SCIM Filter & Path Parser

This is an exercise in building a parser for the SCIM protocol filters and paths grammar in the Swift programming language.

Disclaimer: This code has unit tests but should not be considered production-ready without further analysis and testing.

Known issues:

The string literal token in parsed expressions only contains the literal representation, not an actual string value yet.
Some grammatically valid but illegal filters can be created (ATTRNAME.subAttr[valFilter])

References

The grammar is sourced primarily from

RFC 7644 SCIM Protocol Specification
- Section 3.4.2.2 Filtering
- Section 3.5.2 Modifying with PATCH

With additional grammar specificatons and information from

RFC 7159 JSON Data Interchange Format
- Referred to in the SCIM filter/path grammar for value literals.
- Section 3 Values
- Section 6 Numbers
- Section 7 Strings
RFC 3986 URI Generic Syntax
- Referred to in the official SCIM filter/path grammar for URN identifier prefixes.
- Not used in revised grammar in this project.
- Appendix A Collected ABNF for URI
RFC 2141 URN Syntax
- Originally referred to from RFC 3986, but obsoleted by the preferred RFC 8141 below.
RFC 8141 URNs
- Latest and more correct syntax for URNs, obsoleting RFC 2141 above.
- Used in revised grammar in this project.
- Section 2 URN Syntax
RFC 7643 SCIM Core Schema
- Additional context for the reasoning behind the specified SCIM filter/path grammar.

Grammar

Original Grammar

The following is the original collected ABNF grammar for RFC 7644.
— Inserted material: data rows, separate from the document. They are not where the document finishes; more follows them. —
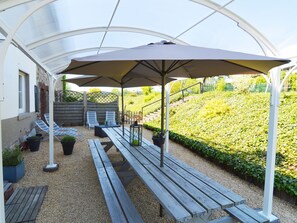 House | Balcony - Cozy Holiday Home in Luxembourg With Private Terrace (Sainte-Ode)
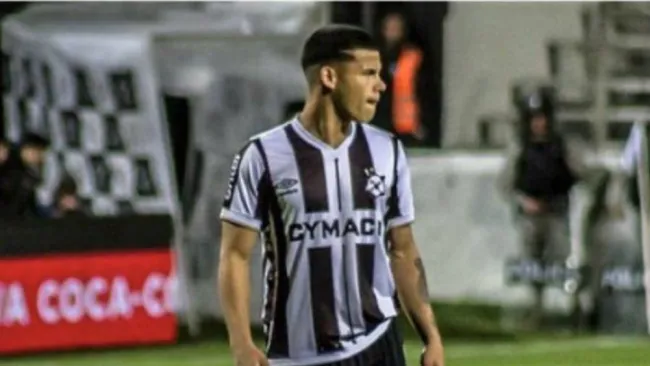 Maximiliano Araujo como jugador de Montevideo 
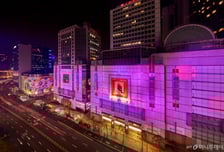 "BTS 팬 몰려와 돈 펑펑" 백화점·편의점 웃는다...매출 어마어마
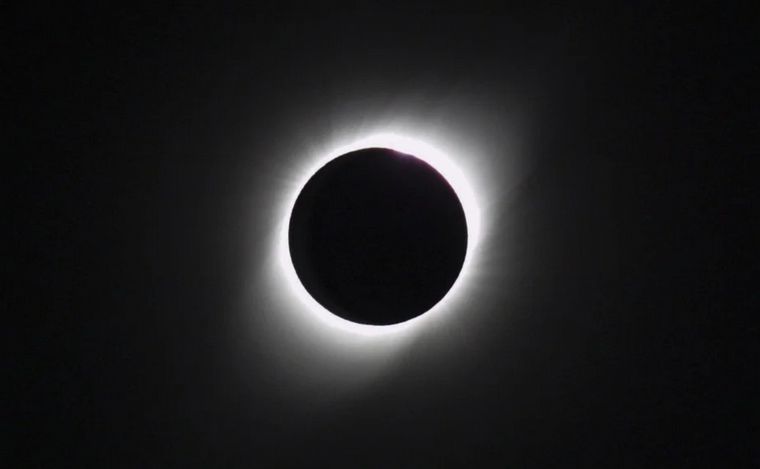 FOTO: Un eclipse total de sol revoluciona a América del Norte.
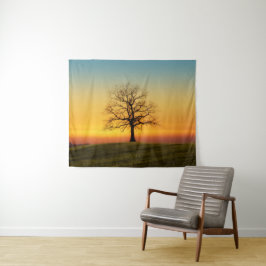 Tapiz Majestuoso árbol al atardecer paisaje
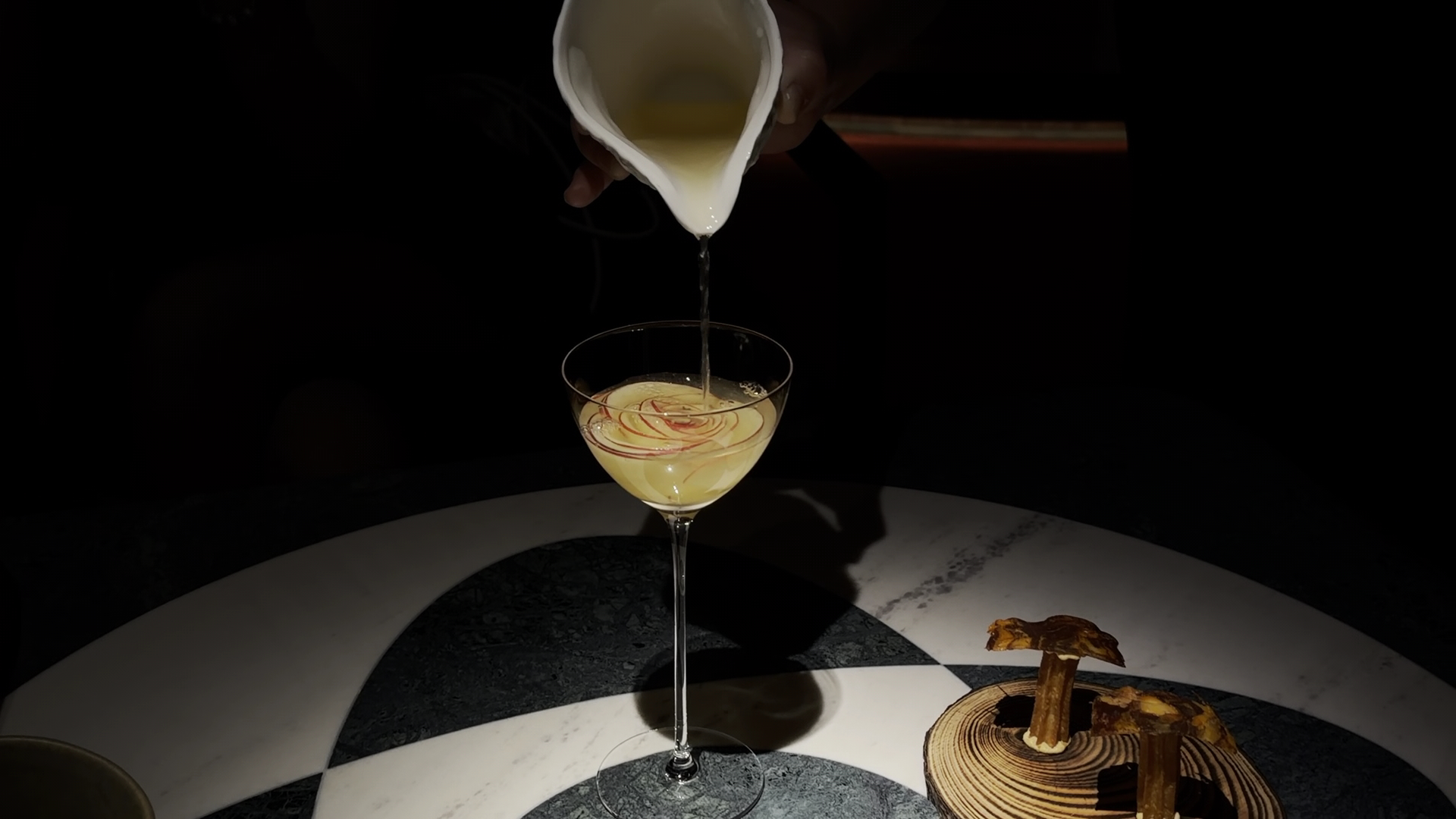 Oculus: high quality, professional cocktail shot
; https://www.rfc-editor.org/rfc/rfc7644#section-3.4.2.2

FILTER    = attrExp / logExp / valuePath / *1"not" "(" FILTER ")"

valuePath = attrPath "[" valFilter "]"
			; FILTER uses sub-attributes of a parent attrPath

valFilter = attrExp / logExp / *1"not" "(" valFilter ")"

attrExp   = (attrPath SP "pr") /
			(attrPath SP compareOp SP compValue)

logExp    = FILTER SP ("and" / "or") SP FILTER

compValue = false / null / true / number / string
			; rules from JSON (RFC 7159)

compareOp = "eq" / "ne" / "co" /
				"sw" / "ew" /
				"gt" / "lt" /
				"ge" / "le"

attrPath  = [URI ":"] ATTRNAME *1subAttr
			; SCIM attribute name
			; URI is SCIM "schema" URI

ATTRNAME  = ALPHA *(nameChar)

nameChar  = "-" / "_" / DIGIT / ALPHA

subAttr   = "." ATTRNAME
			; a sub-attribute of a complex attribute


; https://www.rfc-editor.org/rfc/rfc7644#section-3.5.2

PATH      = attrPath / valuePath [subAttr]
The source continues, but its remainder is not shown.